A small particle of mass m starts sliding down from rest along the smooth surface of a fixed hollow hemisphere of mass M(4m). The distance of centre of mass of (particle+hemisphere) from centre O of hemisphere, when the particle separates from the surface of hemisphere is $\frac{\sqrt{69}}{5\theta }R.$ Find the value of  $\theta$.

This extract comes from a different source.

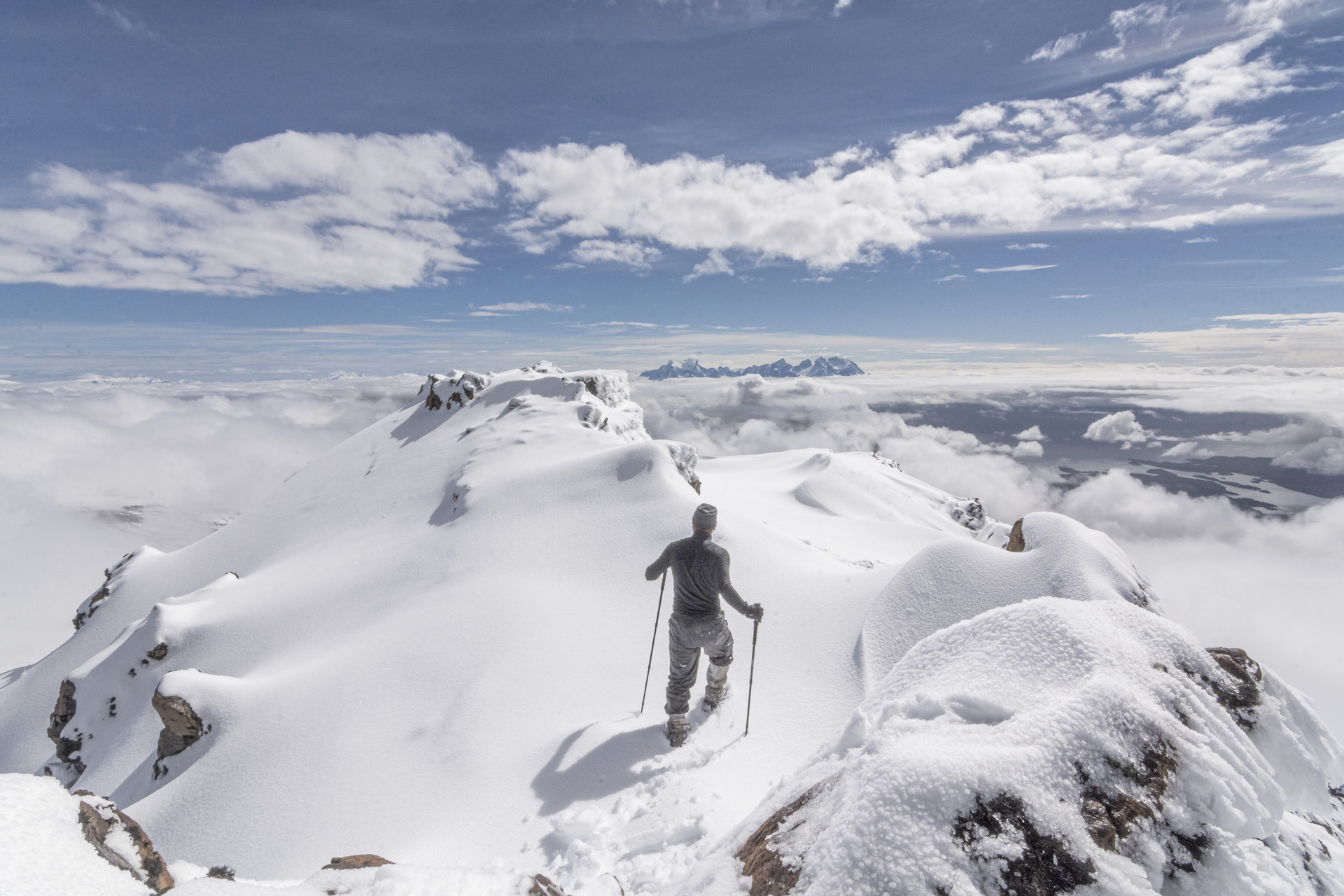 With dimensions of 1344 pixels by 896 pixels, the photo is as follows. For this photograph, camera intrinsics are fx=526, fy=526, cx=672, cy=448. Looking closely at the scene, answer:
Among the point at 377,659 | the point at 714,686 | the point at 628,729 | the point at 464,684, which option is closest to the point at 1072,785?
the point at 714,686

Let the particle is separated when it is at the position $\theta$
Now, N=0
   $mg\cos \theta =\frac{m{v}^2}{R}$    $\Rightarrow v^2=Rg\cos \theta \mathrm{.......}\left(i\right)$
Decreases in PE=Increases in K.E  $\Rightarrow mgR(1-\cos \theta )=\frac{1}{2}m{v}^2\mathrm{......}\left(ii\right)$
From Eqs.(i) and (ii) , we get$\cos \theta =\frac{2}{3}$   
So,  $\sin \theta =\frac{\sqrt{5}}{3}$

Coordinates of particle,  $m=(x_1,y_1)=(\frac{\sqrt{5}}{3}R,\frac{2}{3}R)$
Coordinates of COM of hemisphere $=(x_2,y_2)=(0,\frac{R}{2})$
$\therefore$  X-coordinate of COM of (particle+hemisphere) is 
$X_{COM}=\frac{m\left(\frac{\sqrt{5}}{3}R\right)+4m\left(0\right)}{m+4m}=\frac{R}{3\sqrt{5}}$

$Y_{COM}=\frac{m\left(\frac{2}{3}R\right)+4m\left(\frac{R}{2}\right)}{m+4m}=\frac{8}{15}R$

Coordinate of point O=(0,0)
$\therefore$ Required distance= $\sqrt{{(0-\frac{R}{3\sqrt{5}})}^2+{(0-\frac{8R}{15})}^2}=\frac{\sqrt{69}}{15}R \Rightarrow \alpha =3$